We begin by examining a birth cohort born in 1990 and find that the annual earnings of graduates were 10% higher than those of non-graduates (i.e. the average graduate earnings premium). When replicating the analysis for a 1970 birth cohort, we observe the corresponding premium to be 17%. Taken together, these results suggest that over the two decades separating these two birth cohorts, the average graduate earnings premium had declined by 7 percentage points.[4] Exploring an additional dataset consisting of birth cohorts covering the period 1980 and 1993, we see evidence of the fall having occurred among those born between 1988 and 1993. That the decline has occurred only among the most recent cohorts for whom earnings data are available explains why our findings differ from the previous consensus that the average graduate earnings premium has remained constant over time.

The premium for at least an upper second class award relative to a lower second class award or below

To the best of our knowledge, our research is the first to assess this premium among those born after the early 1980s.
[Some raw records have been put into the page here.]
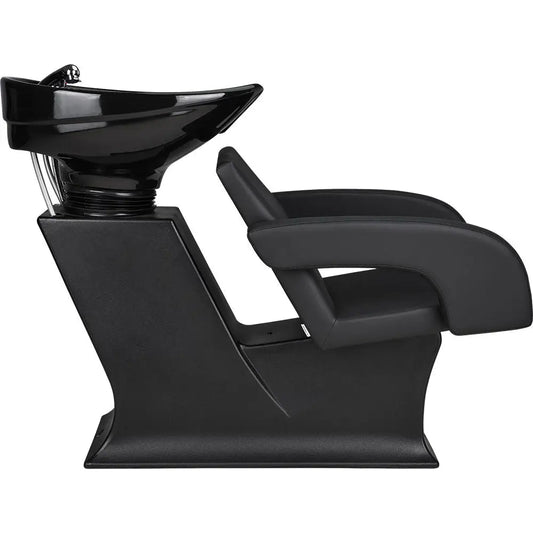 Ayala Lady Y Tina Backwash Sleek Sturdy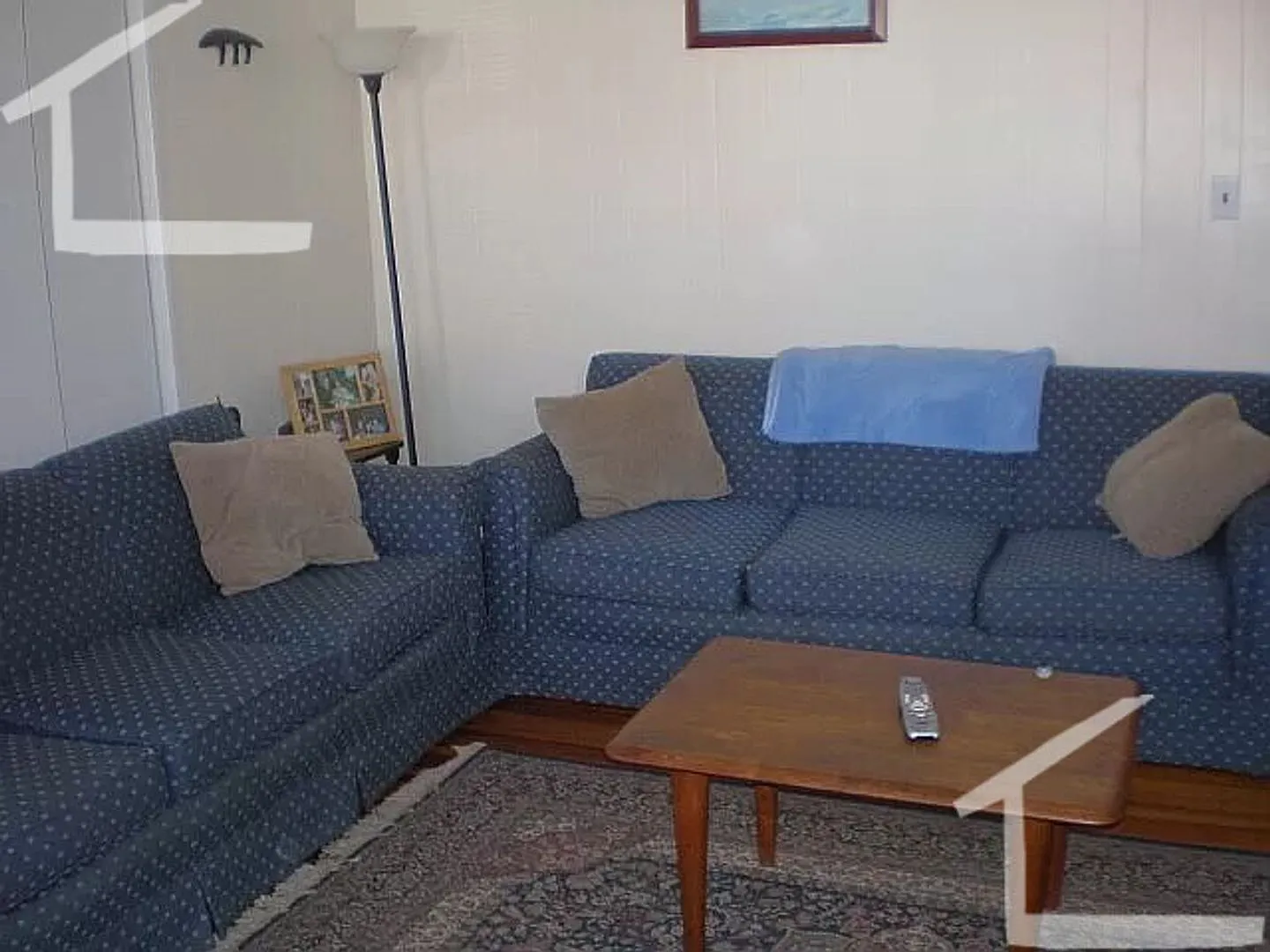 Don't miss out on they Three bed in Brighton — Photo 3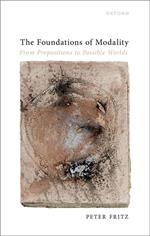 The Foundations of Modality
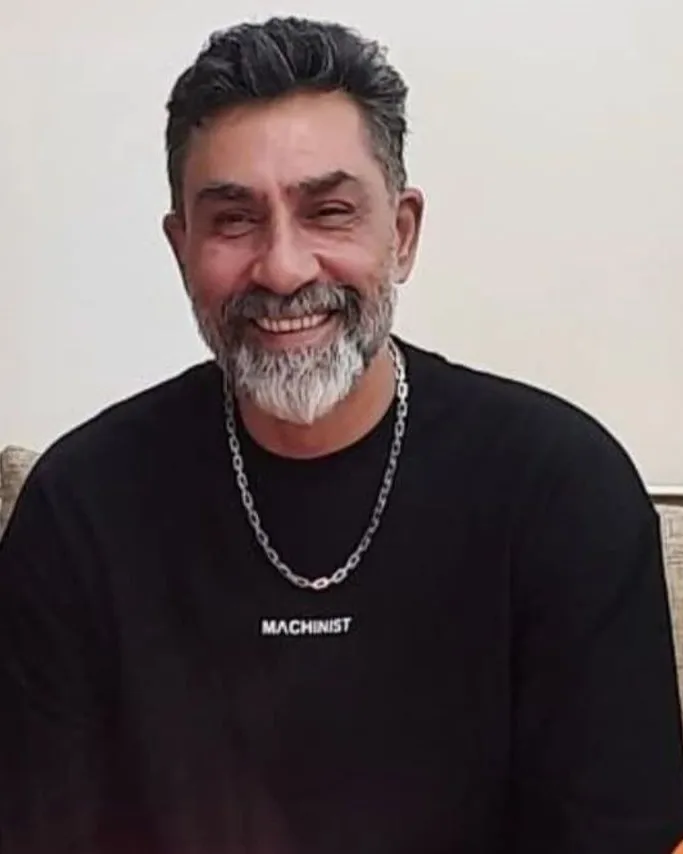 Hani (Reza) Ganji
Starting with an investigation into the 1990 birth cohort, we observe the premium for at least an upper second class award relative to a lower second class award or below to be 10%. This is 4 percentage points higher than the same premium for a 1970 birth cohort. We again evaluate the timing of this change across the two-decade period. In contrast to the average graduate earnings premium where the change occurred among those born in the late 1980s/early 1990s, we conclude that the premium for at least an upper second class award relative to a lower second class award or below increased within the birth cohorts born between 1970 and 1982, but remained constant thereafter.

This finding aligns with what theory predicts. Participation in higher education expanded particularly rapidly among those born between 1970 and 1980, while the proportion of graduates awarded at least an upper second class award rose at a steadier rate across this decade. Rising participation would therefore have had a dominating effect, causing the premium for at least an upper second class award relative to a lower second class award or below to rise. However, in the second half of these two decades, entry into university increased at a slower rate. In contrast, there was an acceleration in the proportion of graduates qualifying with at least an upper second class award. With the latter trend now starting to have more of an impact, we would expect to see the premium show signs of stabilising.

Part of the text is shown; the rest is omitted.